High-risk patients with hypertrophic cardiomyopathy appear to have reduced risk of sudden cardiac death with implantable cardioverter-defibrillators, according to an article in the July 25 issue of Journal of the American Medical Association.

Hypertrophic cardiomyopathy is the most common cause of sudden cardiac death in young people, including trained athletes, according to background information in the article. Only in the last few years has the implantable cardioverter-defibrillator been systematically used as a potentially life-saving treatment for patients with the genetic disorder. The effectiveness and appropriate selection of patients for implantation has not been clarified.

Barry J. Maron, MD, of the Minneapolis Heart Institute Foundation, Minneapolis, and colleagues examined the clinical risk profile and incidence and effectiveness of device use in patients with the disorder. Researchers analyzed data from a multicenter registry of devices implanted between 1986 and 2003 in 506 patients with hypertrophic cardiomyopathy, average age 42 years. Patients were judged to be at high risk for sudden death. Average follow-up was 3.7 years.

Risk factors analyzed included history of premature myopathy-related sudden death in one or more first-degree or other relatives younger than 50 year, massive left ventricular hypertrophy, a certain type of nonsustained ventricular tachycardia, and prior unexplained syncope.

Of the 506 patients, 20 percent experienced one or more appropriate device interventions, in which the device terminated ventricular fibrillation or ventricular tachycardia. Intervention rates were 10.6 percent per year for secondary prevention after cardiac arrest (five-year cumulative probability, 39 percent), and 3.6 percent per year for primary prevention (five-year probability, 17 percent).

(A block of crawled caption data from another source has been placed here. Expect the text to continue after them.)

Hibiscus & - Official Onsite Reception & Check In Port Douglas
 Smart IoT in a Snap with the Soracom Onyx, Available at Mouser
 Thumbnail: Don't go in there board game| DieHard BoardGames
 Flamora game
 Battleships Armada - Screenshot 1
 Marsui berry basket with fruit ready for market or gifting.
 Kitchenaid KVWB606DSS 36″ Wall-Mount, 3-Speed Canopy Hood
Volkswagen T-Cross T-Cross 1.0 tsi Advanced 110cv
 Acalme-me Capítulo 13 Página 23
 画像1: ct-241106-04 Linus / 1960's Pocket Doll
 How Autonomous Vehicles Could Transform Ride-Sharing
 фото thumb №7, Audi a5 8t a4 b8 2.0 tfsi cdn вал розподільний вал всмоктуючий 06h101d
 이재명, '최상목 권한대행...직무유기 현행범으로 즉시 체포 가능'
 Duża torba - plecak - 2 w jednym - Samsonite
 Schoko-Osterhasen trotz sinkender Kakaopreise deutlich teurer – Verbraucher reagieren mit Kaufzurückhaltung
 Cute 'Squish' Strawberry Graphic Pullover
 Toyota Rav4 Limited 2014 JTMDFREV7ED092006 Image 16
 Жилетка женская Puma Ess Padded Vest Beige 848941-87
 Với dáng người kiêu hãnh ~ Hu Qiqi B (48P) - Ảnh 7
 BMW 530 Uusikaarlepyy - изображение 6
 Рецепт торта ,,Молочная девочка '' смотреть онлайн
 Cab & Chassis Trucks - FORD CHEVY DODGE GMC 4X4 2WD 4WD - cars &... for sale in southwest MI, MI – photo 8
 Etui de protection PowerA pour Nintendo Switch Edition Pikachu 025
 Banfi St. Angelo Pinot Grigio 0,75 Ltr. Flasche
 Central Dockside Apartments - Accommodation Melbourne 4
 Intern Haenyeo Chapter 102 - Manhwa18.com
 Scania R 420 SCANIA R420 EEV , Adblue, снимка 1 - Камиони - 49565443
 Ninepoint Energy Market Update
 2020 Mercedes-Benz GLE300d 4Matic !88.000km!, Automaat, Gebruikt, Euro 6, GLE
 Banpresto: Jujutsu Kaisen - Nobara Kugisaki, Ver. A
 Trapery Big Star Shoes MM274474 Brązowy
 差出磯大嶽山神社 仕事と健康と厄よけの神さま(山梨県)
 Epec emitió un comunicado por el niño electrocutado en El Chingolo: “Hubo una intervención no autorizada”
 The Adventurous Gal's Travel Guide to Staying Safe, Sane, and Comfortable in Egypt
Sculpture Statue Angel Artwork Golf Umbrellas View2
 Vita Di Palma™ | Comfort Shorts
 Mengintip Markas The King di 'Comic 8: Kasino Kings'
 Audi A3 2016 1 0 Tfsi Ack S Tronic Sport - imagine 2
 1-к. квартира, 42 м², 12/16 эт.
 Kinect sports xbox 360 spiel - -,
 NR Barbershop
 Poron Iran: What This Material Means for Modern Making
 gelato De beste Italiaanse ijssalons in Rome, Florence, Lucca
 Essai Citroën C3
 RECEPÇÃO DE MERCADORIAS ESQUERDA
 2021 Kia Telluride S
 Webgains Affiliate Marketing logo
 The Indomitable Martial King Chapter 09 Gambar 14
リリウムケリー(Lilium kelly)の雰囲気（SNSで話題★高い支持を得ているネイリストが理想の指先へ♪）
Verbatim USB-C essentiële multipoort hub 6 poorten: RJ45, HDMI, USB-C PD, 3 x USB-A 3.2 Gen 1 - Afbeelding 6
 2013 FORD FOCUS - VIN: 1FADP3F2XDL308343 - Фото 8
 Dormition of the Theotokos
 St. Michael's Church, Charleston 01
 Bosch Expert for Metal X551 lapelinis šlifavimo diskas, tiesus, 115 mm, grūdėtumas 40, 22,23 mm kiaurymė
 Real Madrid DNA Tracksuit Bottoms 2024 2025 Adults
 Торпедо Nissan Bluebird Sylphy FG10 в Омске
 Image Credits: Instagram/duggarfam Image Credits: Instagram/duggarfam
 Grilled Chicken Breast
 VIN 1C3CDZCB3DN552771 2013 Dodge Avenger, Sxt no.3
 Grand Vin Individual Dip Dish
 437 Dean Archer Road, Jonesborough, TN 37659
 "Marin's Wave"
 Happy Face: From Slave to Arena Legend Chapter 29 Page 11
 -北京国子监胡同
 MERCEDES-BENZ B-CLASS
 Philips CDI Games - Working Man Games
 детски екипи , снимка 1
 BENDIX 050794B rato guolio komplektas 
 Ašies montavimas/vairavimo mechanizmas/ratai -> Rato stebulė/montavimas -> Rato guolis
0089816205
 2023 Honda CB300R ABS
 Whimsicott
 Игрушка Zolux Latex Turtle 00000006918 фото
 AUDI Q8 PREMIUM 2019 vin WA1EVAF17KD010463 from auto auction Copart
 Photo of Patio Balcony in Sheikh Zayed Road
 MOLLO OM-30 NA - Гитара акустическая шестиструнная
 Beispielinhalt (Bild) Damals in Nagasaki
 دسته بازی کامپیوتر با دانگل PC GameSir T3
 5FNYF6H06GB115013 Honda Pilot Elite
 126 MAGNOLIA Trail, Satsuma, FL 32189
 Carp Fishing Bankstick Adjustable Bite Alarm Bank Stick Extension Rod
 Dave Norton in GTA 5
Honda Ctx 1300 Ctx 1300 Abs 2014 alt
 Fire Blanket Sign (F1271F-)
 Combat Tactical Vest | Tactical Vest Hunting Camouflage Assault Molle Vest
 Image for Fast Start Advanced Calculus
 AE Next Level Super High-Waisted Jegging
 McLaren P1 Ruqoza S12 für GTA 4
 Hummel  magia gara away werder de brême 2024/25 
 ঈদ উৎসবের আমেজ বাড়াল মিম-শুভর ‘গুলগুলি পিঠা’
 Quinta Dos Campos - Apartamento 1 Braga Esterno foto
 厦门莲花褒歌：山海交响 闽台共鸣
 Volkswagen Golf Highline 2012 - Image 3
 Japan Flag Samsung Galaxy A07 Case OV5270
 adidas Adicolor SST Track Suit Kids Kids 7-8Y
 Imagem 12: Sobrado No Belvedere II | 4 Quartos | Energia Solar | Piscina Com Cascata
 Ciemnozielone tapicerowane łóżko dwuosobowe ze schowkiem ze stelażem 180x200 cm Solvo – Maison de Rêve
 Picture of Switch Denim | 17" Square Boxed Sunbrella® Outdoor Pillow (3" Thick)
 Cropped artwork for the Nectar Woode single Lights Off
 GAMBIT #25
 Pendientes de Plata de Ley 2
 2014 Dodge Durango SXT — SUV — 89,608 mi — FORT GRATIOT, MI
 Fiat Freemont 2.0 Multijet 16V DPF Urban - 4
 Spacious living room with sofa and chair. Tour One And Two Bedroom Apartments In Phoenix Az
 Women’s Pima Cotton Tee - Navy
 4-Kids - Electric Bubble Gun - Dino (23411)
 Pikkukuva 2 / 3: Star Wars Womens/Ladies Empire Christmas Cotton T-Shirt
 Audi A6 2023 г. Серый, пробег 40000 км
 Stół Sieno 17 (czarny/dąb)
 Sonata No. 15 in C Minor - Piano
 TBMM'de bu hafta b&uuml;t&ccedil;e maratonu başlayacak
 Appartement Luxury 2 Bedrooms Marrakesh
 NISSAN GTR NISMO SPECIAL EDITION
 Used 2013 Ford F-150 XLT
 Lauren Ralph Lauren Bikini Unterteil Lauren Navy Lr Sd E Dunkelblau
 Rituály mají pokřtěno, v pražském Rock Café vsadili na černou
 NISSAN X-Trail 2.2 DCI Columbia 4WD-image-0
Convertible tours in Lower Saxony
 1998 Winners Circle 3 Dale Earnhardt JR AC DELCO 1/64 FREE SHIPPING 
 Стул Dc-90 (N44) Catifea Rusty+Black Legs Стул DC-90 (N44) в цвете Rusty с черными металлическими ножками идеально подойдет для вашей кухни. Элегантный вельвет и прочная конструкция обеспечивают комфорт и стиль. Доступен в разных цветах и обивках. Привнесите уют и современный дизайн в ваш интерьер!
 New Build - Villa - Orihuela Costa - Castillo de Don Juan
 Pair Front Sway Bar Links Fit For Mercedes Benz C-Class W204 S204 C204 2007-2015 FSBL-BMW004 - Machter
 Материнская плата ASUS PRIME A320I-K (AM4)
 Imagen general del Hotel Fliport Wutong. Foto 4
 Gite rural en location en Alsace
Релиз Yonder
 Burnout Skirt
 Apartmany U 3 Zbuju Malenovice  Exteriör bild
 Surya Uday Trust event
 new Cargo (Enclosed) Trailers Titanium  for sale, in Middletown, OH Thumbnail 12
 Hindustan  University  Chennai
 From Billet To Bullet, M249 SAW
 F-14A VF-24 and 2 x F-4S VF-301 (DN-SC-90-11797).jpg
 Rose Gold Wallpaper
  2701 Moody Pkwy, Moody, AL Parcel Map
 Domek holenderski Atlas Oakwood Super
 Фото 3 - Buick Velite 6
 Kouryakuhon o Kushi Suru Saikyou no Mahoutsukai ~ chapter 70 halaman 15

Time to first appropriate discharge was up to 10 years, with a 27 percent probability at five years or more after implantation. For primary prevention, 35 percent of patients with appropriate device interventions had undergone implantation for only a single risk factor; likelihood of appropriate discharge was similar in patients with one, two, or three or more risk markers.

“The results of this international, multicenter study show the effectiveness and reliability of the ICD in prevention of sudden cardiac death in high-risk patients with hypertrophic cardiomyopathy,” the authors wrote. “An important proportion of these device interventions occurred in patients who had undergone prophylactic ICD implantation for a single risk factor. Therefore, a single marker of high-risk status may justify consideration for a primary prevention defibrillator in selected patients with hypertrophic cardiomyopathy.”

In an accompanying editorial, Rick A. Nishimura, MD, and Steve R. Ommen, MD, of the Mayo Clinic College of Medicine, Rochester, Minn., commented on the findings of the study by Maron and colleagues.

“Patients who have experienced cardiac arrest or documented sustained ventricular tachycardia definitely should be considered for implantation of an ICD. Patients with two or more risk factors likely present a high enough risk to warrant implantation of an ICD. However, the decision to implant an ICD in any patient, especially one with a single risk factor, must include a thorough and earnest discussion of the accuracy of the current risk assessment tools, the risks and benefits of ICD therapy, and the individual patient’s viewpoints on procedures, devices, and death. Such an approach will allow the patient-physician team to arrive at an individualized decision regarding ICD implantation.”